Under the Level 4 operational envelope, the results define the survival red line for eVTOL UAV autonomous systems. DDPG shows a performance drop with a success rate of 62% and energy consumption of 46.61 J. Conversely, EA-TD3 maintains a 98% success rate despite the constraints of dynamic wind fields and multi-waypoint transitions, requiring 38.40 J on average. Compared to TD3, EA-TD3 improves the success rate by 23.3 percentage points and achieves a 9.9% gain in energy efficiency. These findings demonstrate that as operational environments shift toward high fidelity, energy awareness is a core safety driver ensuring the mission survivability of unmanned eVTOL UAV platforms in urban canyons.
Ablation experiments demonstrate that energy perception mechanisms are necessary in complex operational environments.
Figure 16 illustrates the percentage advantage of the EA-TD3 algorithm over the DDPG, SAC, and TD3 models regarding the trajectory planning success rate and energy consumption under different environmental levels.

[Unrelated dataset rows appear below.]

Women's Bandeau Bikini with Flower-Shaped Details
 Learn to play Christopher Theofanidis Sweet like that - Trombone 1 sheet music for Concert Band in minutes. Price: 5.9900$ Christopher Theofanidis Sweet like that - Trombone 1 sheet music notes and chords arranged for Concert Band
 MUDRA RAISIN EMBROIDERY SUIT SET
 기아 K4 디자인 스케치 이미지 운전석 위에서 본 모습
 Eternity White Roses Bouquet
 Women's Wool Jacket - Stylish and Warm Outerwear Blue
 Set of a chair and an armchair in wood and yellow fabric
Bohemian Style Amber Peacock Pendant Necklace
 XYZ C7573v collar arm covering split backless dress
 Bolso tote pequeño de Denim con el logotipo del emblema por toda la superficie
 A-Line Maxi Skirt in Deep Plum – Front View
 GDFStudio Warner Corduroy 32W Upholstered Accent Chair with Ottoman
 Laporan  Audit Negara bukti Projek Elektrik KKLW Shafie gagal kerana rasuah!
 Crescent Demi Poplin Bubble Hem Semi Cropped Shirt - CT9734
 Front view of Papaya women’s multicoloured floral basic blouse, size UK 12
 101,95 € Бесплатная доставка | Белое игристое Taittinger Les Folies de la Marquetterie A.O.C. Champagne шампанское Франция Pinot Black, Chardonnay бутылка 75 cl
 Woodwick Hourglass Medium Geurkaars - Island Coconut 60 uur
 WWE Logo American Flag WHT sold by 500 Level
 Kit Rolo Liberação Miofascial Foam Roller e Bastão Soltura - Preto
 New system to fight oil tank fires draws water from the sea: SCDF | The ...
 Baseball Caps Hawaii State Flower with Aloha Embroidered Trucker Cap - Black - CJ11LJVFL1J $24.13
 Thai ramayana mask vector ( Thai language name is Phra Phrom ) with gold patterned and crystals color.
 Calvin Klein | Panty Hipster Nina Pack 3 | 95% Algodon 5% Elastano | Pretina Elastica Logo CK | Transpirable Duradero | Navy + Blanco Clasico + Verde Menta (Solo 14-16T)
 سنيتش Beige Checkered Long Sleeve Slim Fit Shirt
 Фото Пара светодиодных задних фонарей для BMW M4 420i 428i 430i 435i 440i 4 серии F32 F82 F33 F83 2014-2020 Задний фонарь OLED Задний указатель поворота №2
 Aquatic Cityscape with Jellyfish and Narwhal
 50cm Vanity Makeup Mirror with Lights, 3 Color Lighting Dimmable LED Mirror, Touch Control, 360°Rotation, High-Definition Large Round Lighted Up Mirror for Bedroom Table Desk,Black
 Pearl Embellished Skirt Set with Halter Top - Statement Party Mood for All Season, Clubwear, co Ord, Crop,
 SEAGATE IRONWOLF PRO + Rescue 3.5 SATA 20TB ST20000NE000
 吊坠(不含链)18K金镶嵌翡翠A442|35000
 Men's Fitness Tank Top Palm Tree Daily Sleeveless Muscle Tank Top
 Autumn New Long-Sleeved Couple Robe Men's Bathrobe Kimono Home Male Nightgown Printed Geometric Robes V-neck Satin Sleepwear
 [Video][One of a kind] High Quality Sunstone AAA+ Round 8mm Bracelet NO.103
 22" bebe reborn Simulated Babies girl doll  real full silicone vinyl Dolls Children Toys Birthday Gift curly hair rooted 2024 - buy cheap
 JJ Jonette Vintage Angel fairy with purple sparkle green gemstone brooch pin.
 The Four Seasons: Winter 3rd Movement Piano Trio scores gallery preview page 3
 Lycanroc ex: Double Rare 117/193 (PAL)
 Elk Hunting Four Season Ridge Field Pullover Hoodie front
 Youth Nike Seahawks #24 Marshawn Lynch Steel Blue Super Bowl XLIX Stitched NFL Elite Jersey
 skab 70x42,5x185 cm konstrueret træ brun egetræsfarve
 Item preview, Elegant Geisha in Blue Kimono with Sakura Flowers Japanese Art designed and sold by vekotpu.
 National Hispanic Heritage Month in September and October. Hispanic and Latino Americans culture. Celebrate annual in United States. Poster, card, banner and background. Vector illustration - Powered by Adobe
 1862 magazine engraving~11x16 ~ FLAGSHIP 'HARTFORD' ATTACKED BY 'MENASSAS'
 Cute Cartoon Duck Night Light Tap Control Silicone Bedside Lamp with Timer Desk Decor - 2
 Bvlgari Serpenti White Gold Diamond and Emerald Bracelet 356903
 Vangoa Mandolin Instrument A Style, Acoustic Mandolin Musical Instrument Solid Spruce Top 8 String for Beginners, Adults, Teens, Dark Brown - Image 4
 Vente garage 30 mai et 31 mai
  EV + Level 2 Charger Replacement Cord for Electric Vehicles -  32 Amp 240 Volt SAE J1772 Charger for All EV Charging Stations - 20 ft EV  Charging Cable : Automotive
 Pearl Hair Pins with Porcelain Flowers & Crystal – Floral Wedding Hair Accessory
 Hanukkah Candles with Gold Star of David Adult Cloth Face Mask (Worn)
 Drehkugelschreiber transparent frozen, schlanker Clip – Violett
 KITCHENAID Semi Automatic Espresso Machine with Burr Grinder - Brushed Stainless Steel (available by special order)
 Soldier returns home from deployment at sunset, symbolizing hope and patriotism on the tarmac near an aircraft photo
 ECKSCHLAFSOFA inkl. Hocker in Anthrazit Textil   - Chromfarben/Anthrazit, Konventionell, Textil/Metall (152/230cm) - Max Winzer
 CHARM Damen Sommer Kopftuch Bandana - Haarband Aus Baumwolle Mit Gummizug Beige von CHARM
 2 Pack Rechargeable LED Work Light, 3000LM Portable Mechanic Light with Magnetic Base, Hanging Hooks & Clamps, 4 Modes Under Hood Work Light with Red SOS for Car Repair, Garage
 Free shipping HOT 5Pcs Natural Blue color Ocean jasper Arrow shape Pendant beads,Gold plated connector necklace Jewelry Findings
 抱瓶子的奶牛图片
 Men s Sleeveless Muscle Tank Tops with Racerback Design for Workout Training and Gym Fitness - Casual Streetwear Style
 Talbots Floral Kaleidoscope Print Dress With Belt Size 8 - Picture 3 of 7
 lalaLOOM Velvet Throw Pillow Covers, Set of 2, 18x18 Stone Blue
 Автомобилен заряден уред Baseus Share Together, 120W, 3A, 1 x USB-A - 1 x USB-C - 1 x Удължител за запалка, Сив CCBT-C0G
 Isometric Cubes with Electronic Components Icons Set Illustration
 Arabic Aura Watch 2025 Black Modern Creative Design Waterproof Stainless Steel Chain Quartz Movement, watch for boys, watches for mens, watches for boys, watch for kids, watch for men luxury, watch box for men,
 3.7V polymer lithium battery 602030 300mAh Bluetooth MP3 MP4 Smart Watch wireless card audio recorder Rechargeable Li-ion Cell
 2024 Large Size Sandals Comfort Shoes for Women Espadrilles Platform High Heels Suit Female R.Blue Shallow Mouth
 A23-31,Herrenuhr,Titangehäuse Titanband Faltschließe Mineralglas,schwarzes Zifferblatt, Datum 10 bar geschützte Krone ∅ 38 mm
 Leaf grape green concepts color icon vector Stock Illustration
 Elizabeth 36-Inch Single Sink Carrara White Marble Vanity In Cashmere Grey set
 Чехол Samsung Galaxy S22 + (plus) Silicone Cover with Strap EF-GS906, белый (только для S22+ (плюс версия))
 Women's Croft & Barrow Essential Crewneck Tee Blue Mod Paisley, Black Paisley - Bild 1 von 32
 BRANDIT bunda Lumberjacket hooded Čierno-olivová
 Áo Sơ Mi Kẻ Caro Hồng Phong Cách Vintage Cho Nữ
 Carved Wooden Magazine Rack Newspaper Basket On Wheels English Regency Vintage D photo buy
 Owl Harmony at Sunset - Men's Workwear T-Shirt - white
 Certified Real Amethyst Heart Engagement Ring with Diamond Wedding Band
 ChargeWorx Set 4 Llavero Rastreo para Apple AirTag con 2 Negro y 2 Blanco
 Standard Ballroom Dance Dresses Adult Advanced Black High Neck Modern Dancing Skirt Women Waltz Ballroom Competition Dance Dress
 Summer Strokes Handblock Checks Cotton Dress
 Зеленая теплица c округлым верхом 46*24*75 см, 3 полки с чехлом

In simplified scenarios such as Level 1 and Level 2, energy optimization managed through reward penalty mechanisms is sufficient for basic mission success. As shown in
Figure 16a, the success rate advantage of EA-TD3 remains marginal at these stages as all algorithms achieve performance levels near 100%.
However, as environmental factors introduce non-stationary wind disturbances and increased spatial complexity in Level 3 and Level 4, explicit energy state observation becomes critical for mission survivability. The success rate advantage of EA-TD3 widens at Level 3, where it maintains a 94% success rate while the performance of other algorithms declines to between 82% and 92%. At Level 4, this performance gap expands further. EA-TD3 sustains a 98% success rate while the success rate for TD3 drops to 90%, SAC to 72%, and DDPG to 62%. EA-TD3 outperforms the least effective algorithm by 36 percentage points. These results confirm that for unmanned eVTOL UAV systems operating in high-fidelity environments, energy awareness is a requirement for maintaining the SFE.
This improvement in efficiency is accompanied by energy consumption patterns.
Figure 16b illustrates the disparities in energy depletion across various complexity levels. At Level 1, the discrepancy in energy consumption is negligible, and this trend continues through Level 2 where the difference remains minimal. However, at Level 3 and Level 4, EA-TD3 achieves approximately 10% energy savings compared to the baseline algorithms. This margin represents the accumulated efficiency gains in complex multi-waypoint scenarios. The energy-saving advantage and the success rate of EA-TD3 exhibit a synchronized monotonic trend, which expands as the realism of the simulation environment increases.
The ablation experiments provide a foundation for integrating energy-aware reinforcement learning into energy-constrained eVTOL UAV autonomous trajectory planning frameworks. The empirical results demonstrate that energy awareness is more than a supplementary optimization function. Instead, it serves as a core mission capability for eVTOL UAV platforms operating in complex environments, with its significance increasing alongside system complexity. For unmanned eVTOL UAV systems navigating under realistic constraints such as variable dynamic wind fields, urban building clusters, and multi-task landmark sequences, the physical awareness trajectory planning paradigm provided by EA-TD3 is necessary. It ensures mission execution and energy safety management, providing technical support for reliable autonomous flight within future UAM networks.